Saved entries
Start of Block

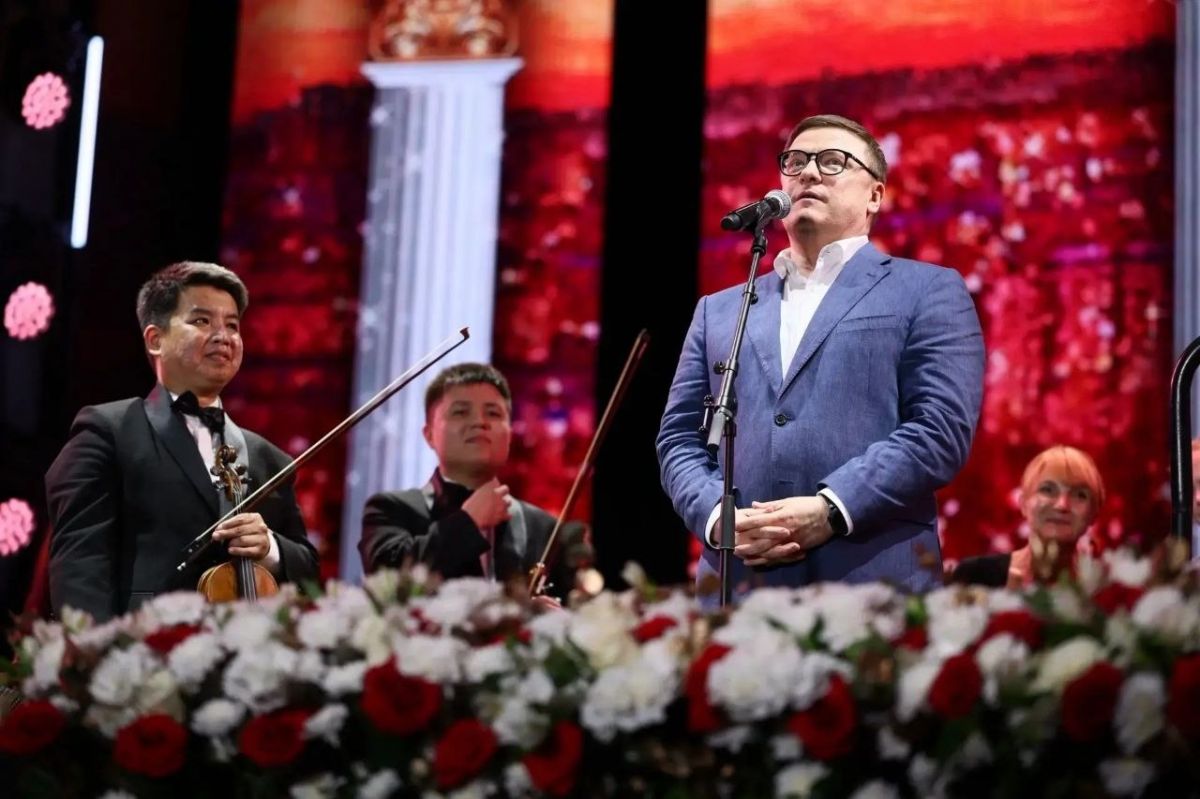 Классика под открытым небом: в Челябинске проходит Курчатов Фест Классика под открытым небом: в Челябинске проходит Курчатов Фест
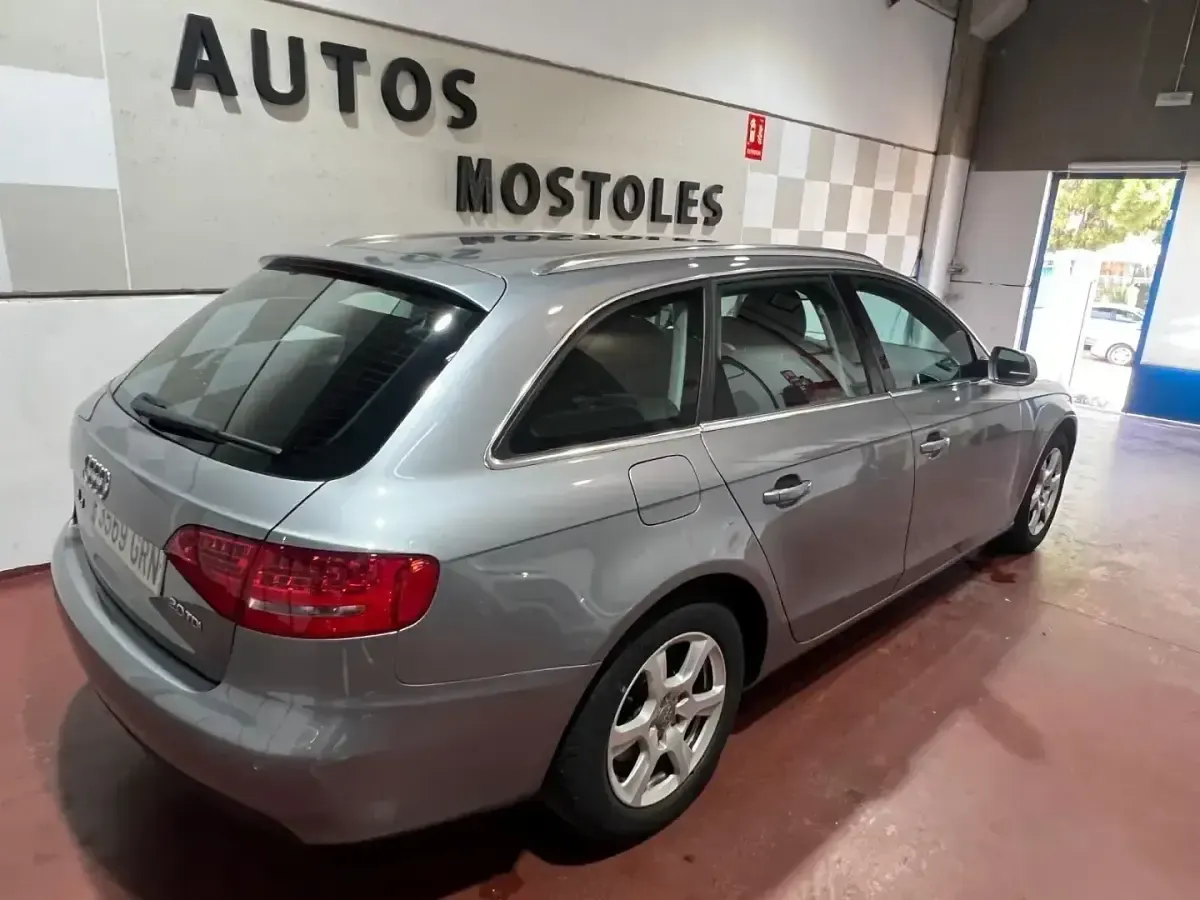 Usado Audi A4 143 CV (105 kW) 2009 Gris Berlina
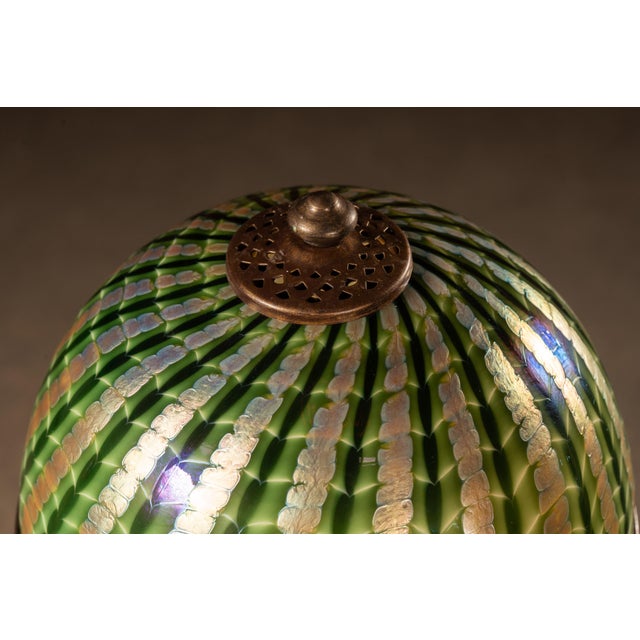 1900s Art Nouveau Edward Miller Art Nouveau Art Glass Table Lamp For Sale - Image 4 of 10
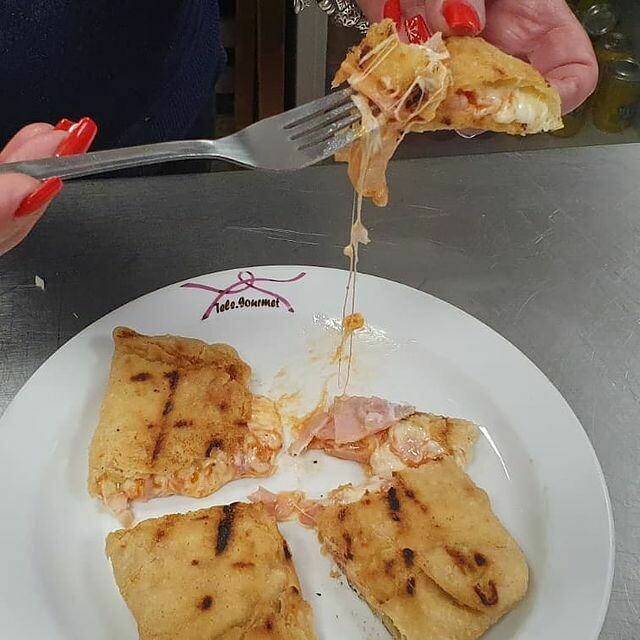 Are-pizza( 1, 7 )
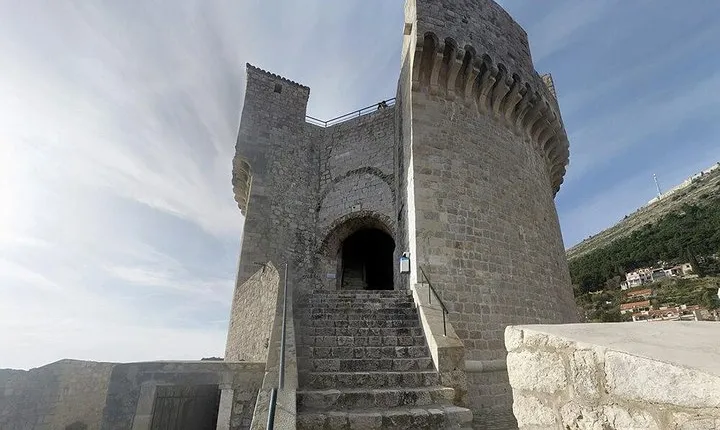 Walls Of Dubrovnik: Small-Group Walking Tour With A Local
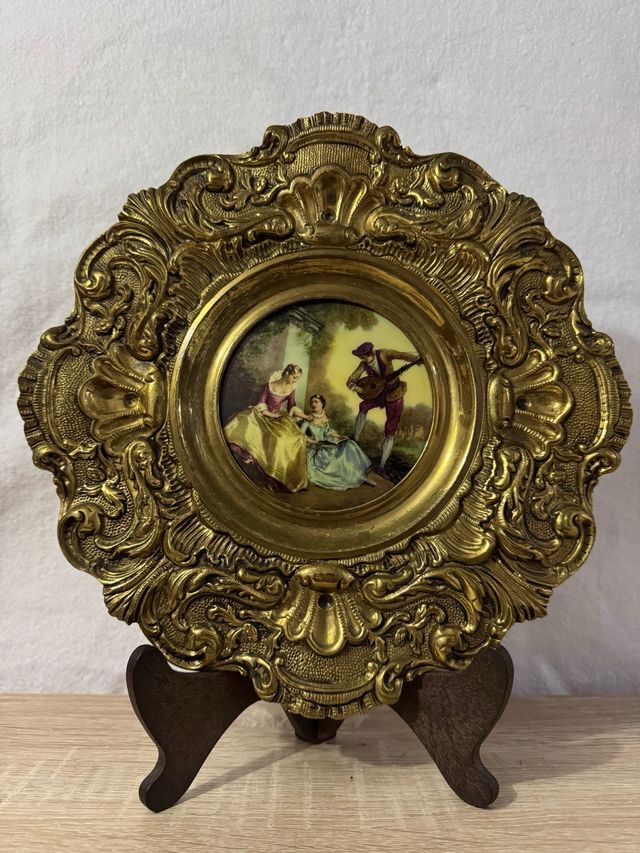 Antiguo plato decorativo bronce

End of Block

EXERCISE BRIEF: Please ensure that the data above is repeated exactly, with no pictures in the copy.

RESPONSE TO THIS EXERCISE:
 Классика под открытым небом: в Челябинске проходит Курчатов Фест Классика под открытым небом: в Челябинске проходит Курчатов Фест
 Usado Audi A4 143 CV (105 kW) 2009 Gris Berlina
 1900s Art Nouveau Edward Miller Art Nouveau Art Glass Table Lamp For Sale - Image 4 of 10
 Are-pizza( 1, 7 )
 Walls Of Dubrovnik: Small-Group Walking Tour With A Local
 Antiguo plato decorativo bronce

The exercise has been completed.